Even as his religious beliefs flourished, it would still be some time before he knew he wanted to go into the priesthood. The road to this decision was very slow,and,  according to Haugaard, filled with contemplations of why he would become a priest.

“To decide whether this is something that I would do in order to serve versus this would be a groovy thing for me, right? You get to wear this collar, and you get to marry people, and, you know, you get to do all that stuff. Was I doing it for that or for a way of serving other people?”

This was something he struggled with for years, saying that it was the first matter he needed to resolve.

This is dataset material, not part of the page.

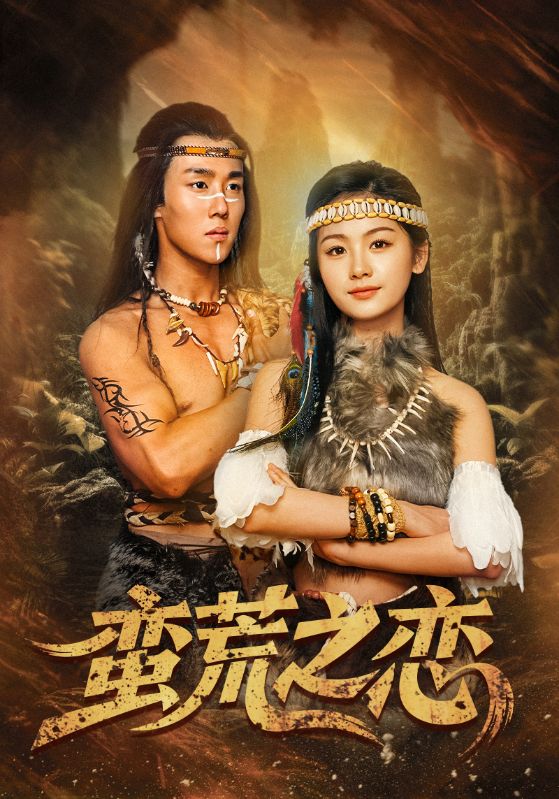 蛮荒之恋（71集）马士尧＆田苗苗-资源V站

Life interrupted, and he thought about it again, then went another six months without thinking of it. The process repeated off and on like this. But it seemed to be something he just couldn’t shake. It would just pop back up in his head again, he said. Then he moved to Albany, without informing anybody to start his new job as the Director of the Honors College. He began attending St. Andrew’s Episcopal Church.

“The rector there, the priest there, asked if I would like to just have breakfast some morning so we went and had breakfast at the Madison Café just down the block. And at one point she said to me, ‘So, are you thinking about retirement?’ and I just kind of blurted out that I was thinking about ordination as part of retirement,” Haugaard said. That was six years ago.

Mary White was the priest that met with Haugaard that morning for breakfast. She was the very same priest presiding over him during the discernment process, or the process of deciding if priesthood is the right choice for someone, and later on she was the priest during his ordination ceremony.

The ceremony took place on May 9, 2015, at St. Andrew’s Episcopal Church on North Main Avenue in Albany. The church had a beautiful cathedral on one side with high stonewalls arching three stories above, with dark wooden supports stretching across the ceiling. There were stained glass windows of various saints and Jesus as well as other evangelical scenes down the halls. On the other side was a more modern and open room with tables and a kitchen to the far right, like a cafeteria. Food, a selection of finger sandwiches and sweets, was offered here after the ordination.

During the ceremony, there was a typical mass. Bishop Skip Adams gave a speech quoting Marvin Gaye, asking people, “What’s going on?” Halfway through the mass, Haugaard’s ordainment to diaconate began, as he kneeled in front of the ministries and was read his duties. “Today with Jeff we are allowed to invest in God’s great vision,” said the Bishop. He was now a Deacon.

Six months from now, if all goes to plan, he will become a priest.

Haugaard looks back on the day he believes was his calling and recalls a conversation he once had.

“I have a spiritual director, a wonderful woman, an 85-year-old catholic nun, and we were talking about, I guess, God’s influence on people’s lives and the word that she used is that God can give you a glimpse into something and then you have to follow that up. And I really liked that word and I think that in many ways that was that experience I had, kind of a glimpse.”